Encouragé par de belles images, le cycliste néo-aventurier va s’élancer dans une nature plus “réelle”, que celle qui lui a été présentée dans les belles vidéos scénarisées par les marques de vélos. Va-t-il se contenter de ce qu’il découvre ou va-t-il, au retour de sa première virée, rendre son vélo au magasin en menaçant de porter plainte pour publicité mensongère ?
Into the ride
Heureusement, ce cycliste, qui a découvert sa nouvelle pratique exploratoire, ne le fera pas, car le vélo dans cette nature transformée par l’homme, a bien a plus d’intérêts que le fantasme du naturel. Il va découvrir avec son vélo de gravel des traces de vie, des morceaux d’histoires, des lieux mystérieux, des horizons différents. Allant de surprise en surprise, il va s’ouvrir à la réalité d’un monde qui évolue et cette prise de conscience va l’engager à se muer en gardien de cette nature, devenue son terrain de jeu favori.

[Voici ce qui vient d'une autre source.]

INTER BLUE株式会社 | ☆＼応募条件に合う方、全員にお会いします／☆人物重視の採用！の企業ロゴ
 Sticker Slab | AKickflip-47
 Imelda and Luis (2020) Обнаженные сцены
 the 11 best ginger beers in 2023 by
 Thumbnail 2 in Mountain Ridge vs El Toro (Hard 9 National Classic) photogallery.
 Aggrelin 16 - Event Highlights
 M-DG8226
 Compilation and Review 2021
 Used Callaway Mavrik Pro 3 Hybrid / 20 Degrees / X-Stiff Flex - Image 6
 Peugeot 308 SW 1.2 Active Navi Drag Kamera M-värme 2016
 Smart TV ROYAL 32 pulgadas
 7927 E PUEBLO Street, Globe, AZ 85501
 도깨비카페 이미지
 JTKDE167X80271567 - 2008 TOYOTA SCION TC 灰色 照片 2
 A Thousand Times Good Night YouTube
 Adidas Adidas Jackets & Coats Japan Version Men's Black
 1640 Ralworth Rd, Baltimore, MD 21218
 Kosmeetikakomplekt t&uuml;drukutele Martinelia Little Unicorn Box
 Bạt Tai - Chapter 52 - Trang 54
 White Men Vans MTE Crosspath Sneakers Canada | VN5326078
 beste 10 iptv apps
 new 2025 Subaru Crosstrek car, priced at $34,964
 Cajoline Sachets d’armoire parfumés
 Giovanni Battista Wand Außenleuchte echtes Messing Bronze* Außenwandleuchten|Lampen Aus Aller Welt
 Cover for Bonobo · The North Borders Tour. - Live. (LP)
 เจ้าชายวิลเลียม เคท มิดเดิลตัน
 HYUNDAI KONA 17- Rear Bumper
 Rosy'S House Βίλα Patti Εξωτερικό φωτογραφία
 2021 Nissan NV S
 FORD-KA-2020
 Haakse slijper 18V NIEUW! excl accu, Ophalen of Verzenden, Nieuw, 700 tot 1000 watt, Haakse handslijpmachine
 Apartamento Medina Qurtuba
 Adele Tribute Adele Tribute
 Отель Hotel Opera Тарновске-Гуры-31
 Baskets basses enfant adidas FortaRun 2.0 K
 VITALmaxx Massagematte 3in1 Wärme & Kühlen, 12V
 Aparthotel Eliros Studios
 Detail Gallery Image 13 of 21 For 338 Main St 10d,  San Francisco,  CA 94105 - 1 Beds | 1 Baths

Et puis, il voudra partager ses découvertes avec des amis, car le bonheur n’est réel que lorsqu’il est partagé. Loin du scénario du film “Into the Wild”, il ne partira pas seul affronter cette nature, trop fier de montrer ses découvertes.
Sur notre petit territoire français, on ne peut pas nier la présence de l’homme qui est le plus grand prédateur de la “nature”. Nos vélos de gravel nous conduisent partout et les yeux grands ouverts, nous voyons partout son empreinte. Sur nos vélos libertaires et effrontés, nous sautons sur des routes où la pollution visuelle s’affiche en 4 par 3, nous nous enfonçons sur des chemins où nous découvrons des décharges. Nous découvrons une réalité qui nous donne envie de dire STOP et d’agir.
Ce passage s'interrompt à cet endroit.